## Try it
Your response to the data below should hold nothing except the lines from the one containing "Ibanez FAB1-WK Felipe" down to the one containing "Polka-Dot Midi Skirt", reproduced exactly and without pictures.

## Records for processing
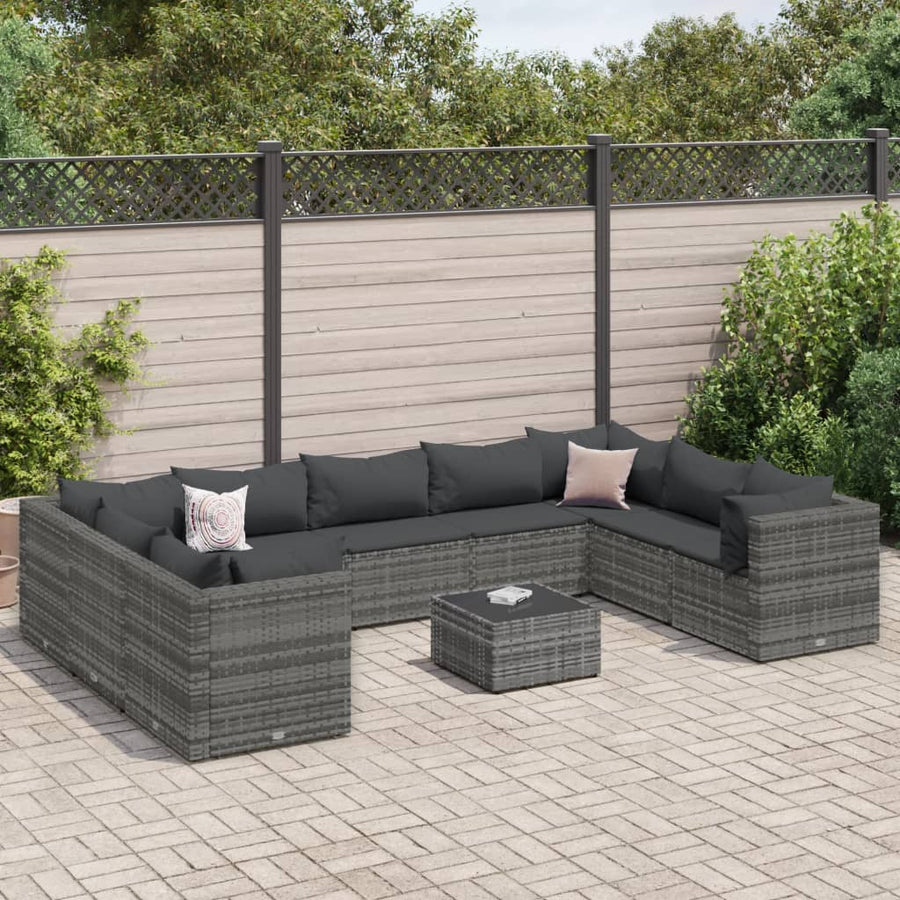 10-Delige Loungeset Met Kussens Poly Rattan 1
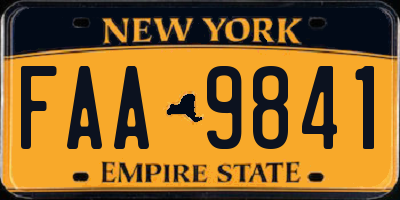 NY license plate FAA9841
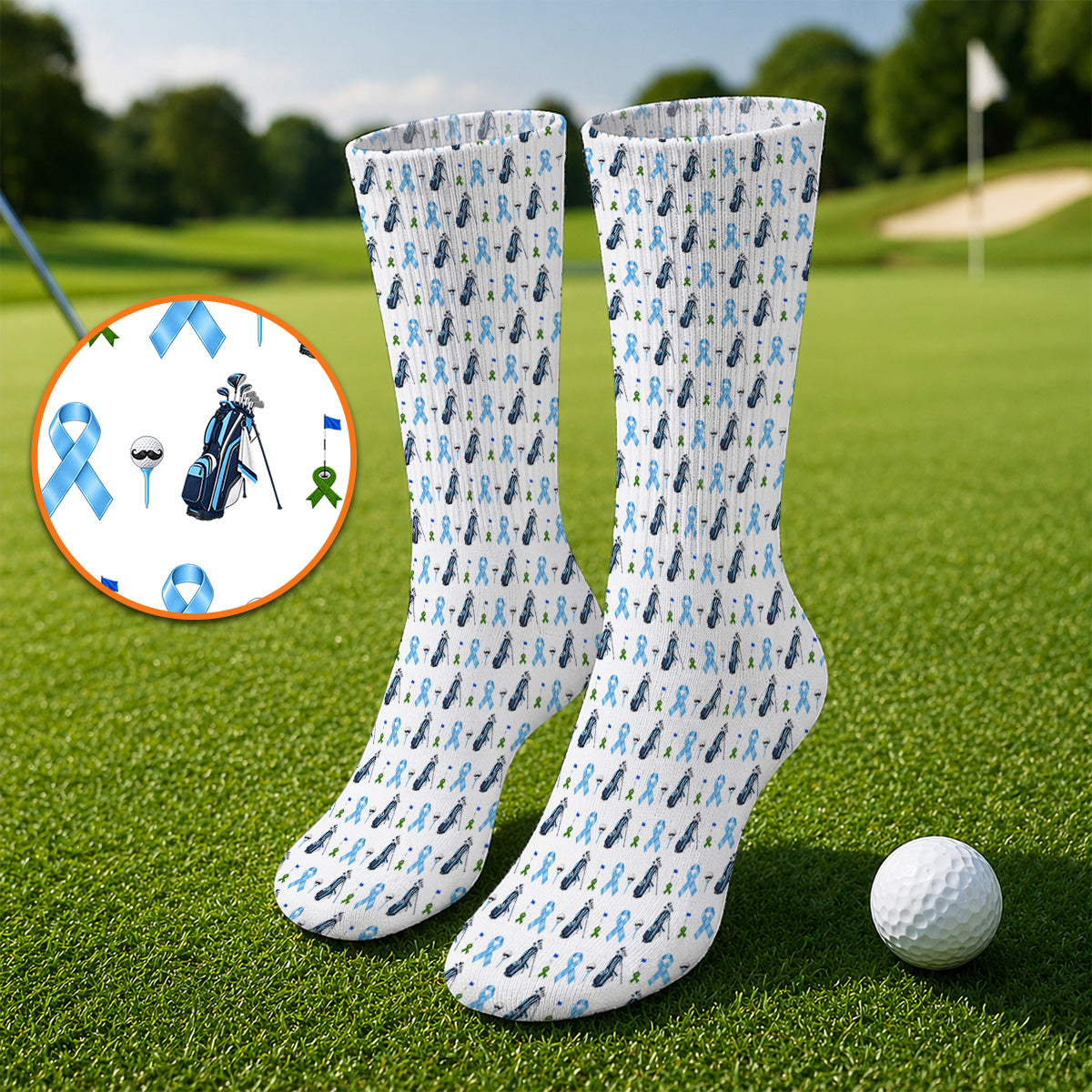 Prostate Cancer Awareness Golf Socks, Blue Ribbon Golf Pattern Sock, Prostate Cancer Support Gift for Golfers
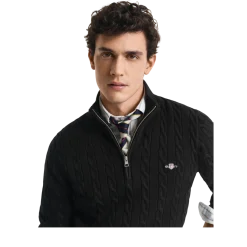 Gant Cable Knit Half-Zip Sweater - 5 Black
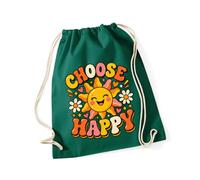 Hippowarehouse Mental Health Awareness Day Choose Happy Cute Sunshine Positivity Message Drawstring Cotton School Gym Bag 37cm x 46cm, 12 litres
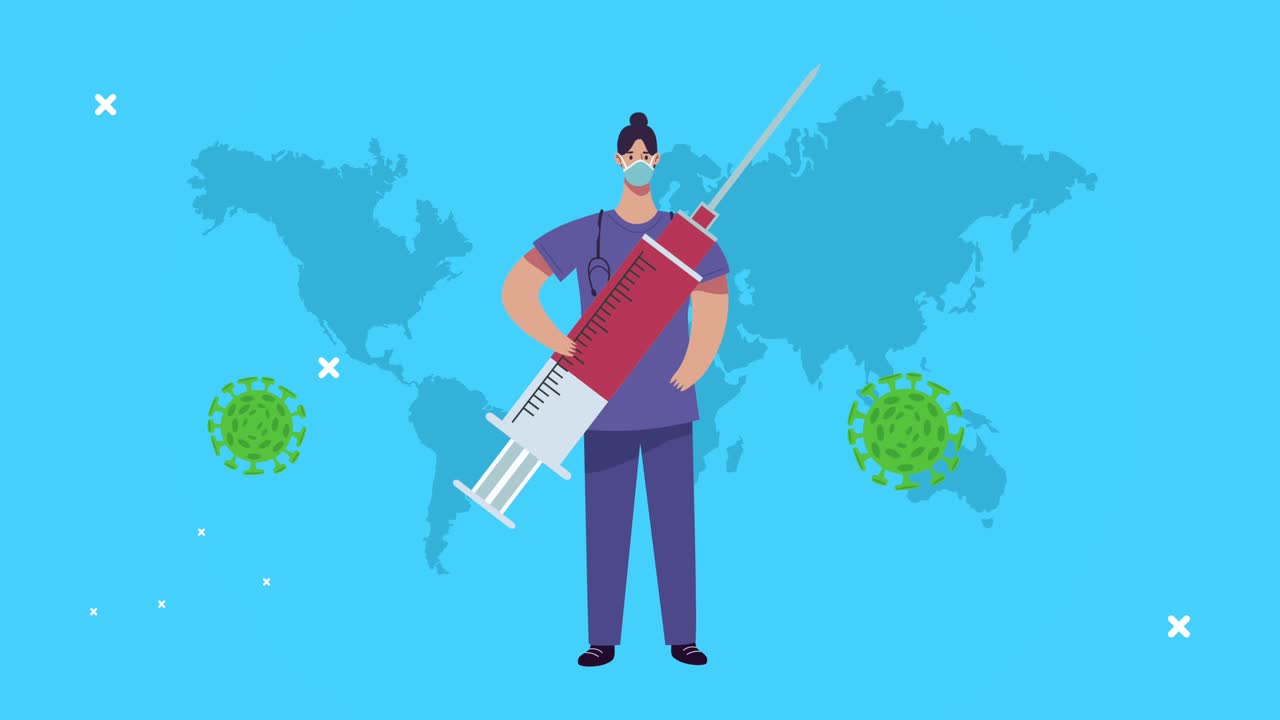 female surgeon with vaccine and covid19 particles in earth planet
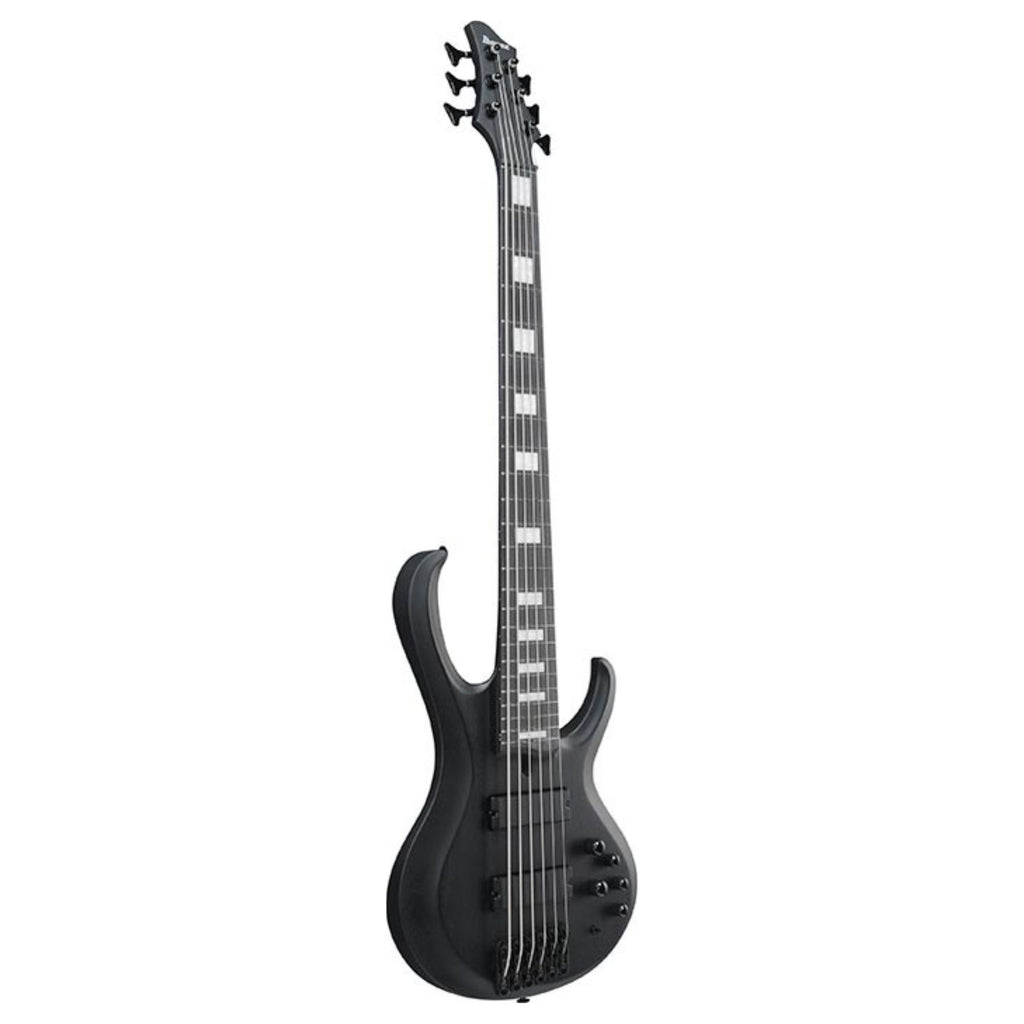 Ibanez FAB1-WK Felipe Andreoli Signature Bass guitar with black finish and sleek design, showcasing its body and neck.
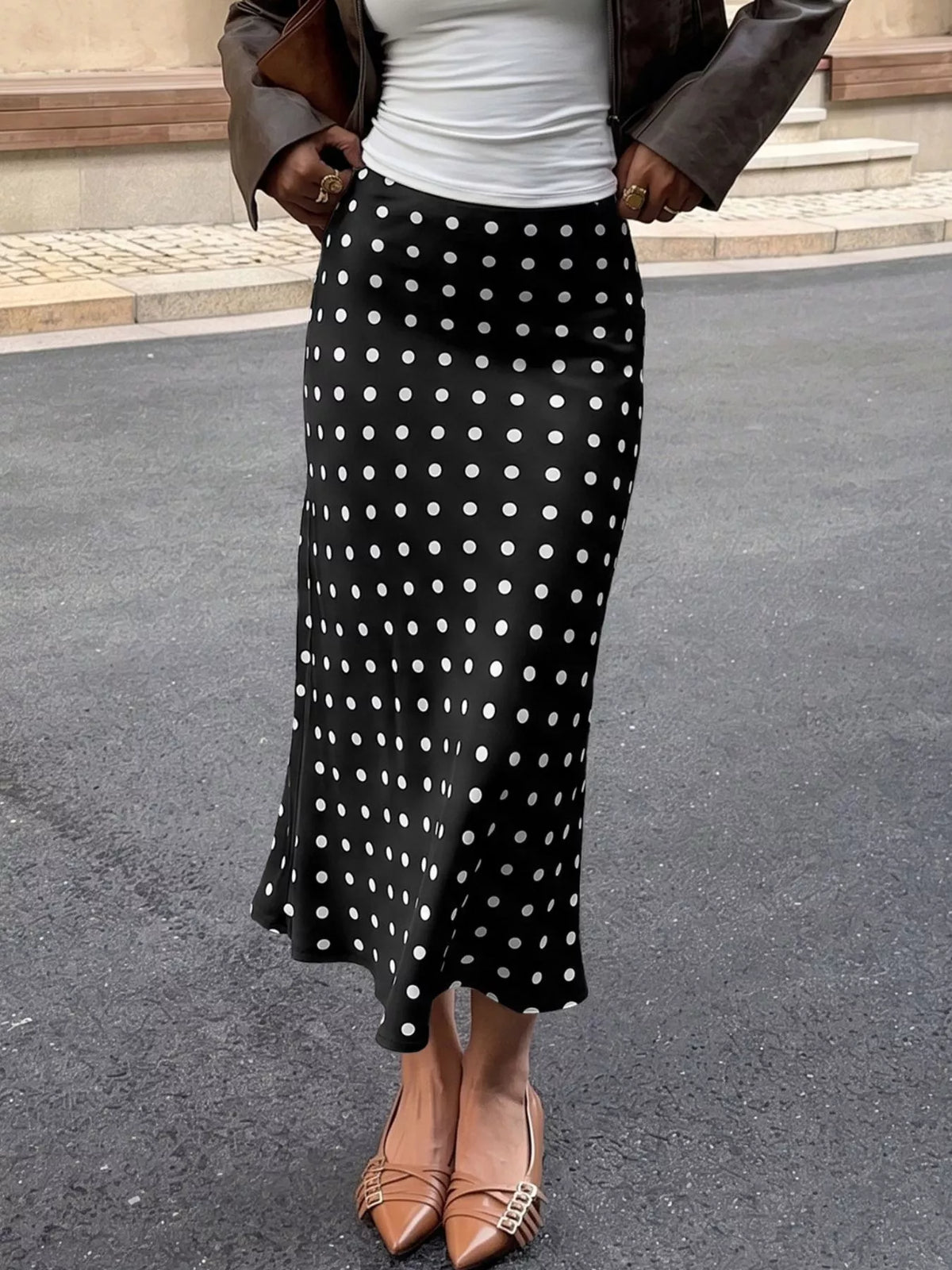 Polka-Dot Midi Skirt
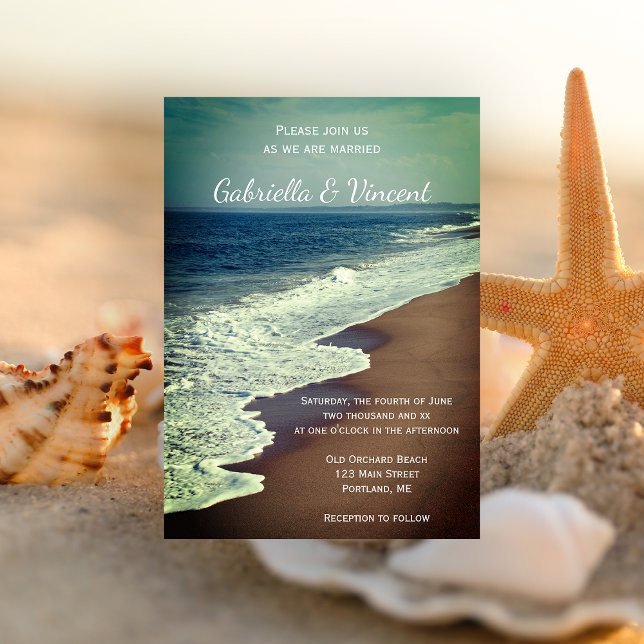 Beach and Ocean Wedding Invitation (Invite guests to your destination marriage ceremony with the Ocean and Beach Wedding Invitation.)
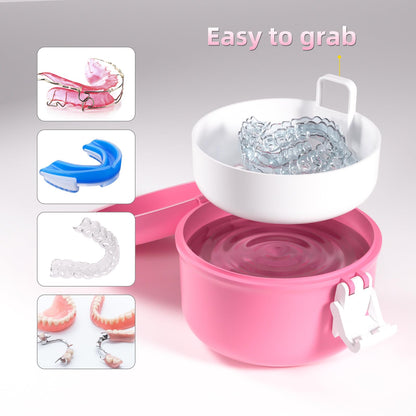 ARGOMAX Leak-Proof Retainer Cleaner Case for Dentures | Travel Denture Cup Pink & White
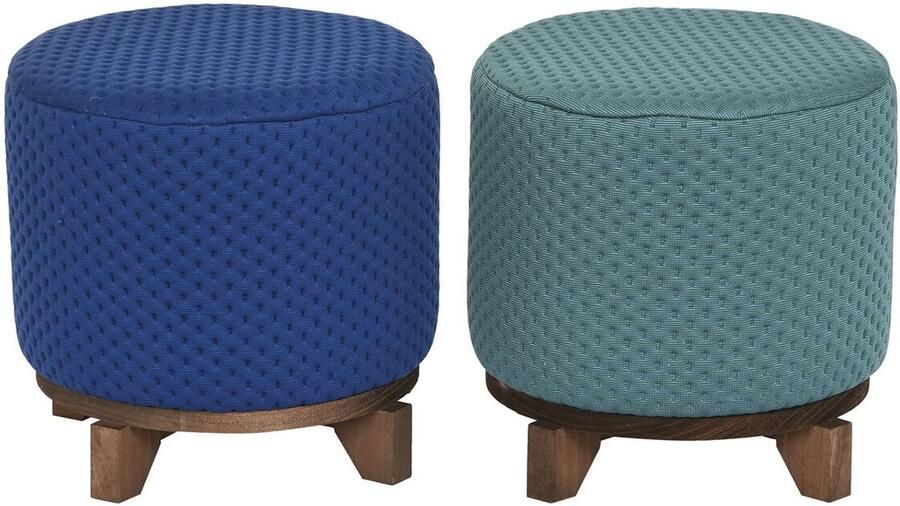 DKD Home Decor Voetensteun Hout 30 x 30 x 30 cm Groen Marineblauw (2 Stuks)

## Output for this task
 Ibanez FAB1-WK Felipe Andreoli Signature Bass guitar with black finish and sleek design, showcasing its body and neck.
 Polka-Dot Midi Skirt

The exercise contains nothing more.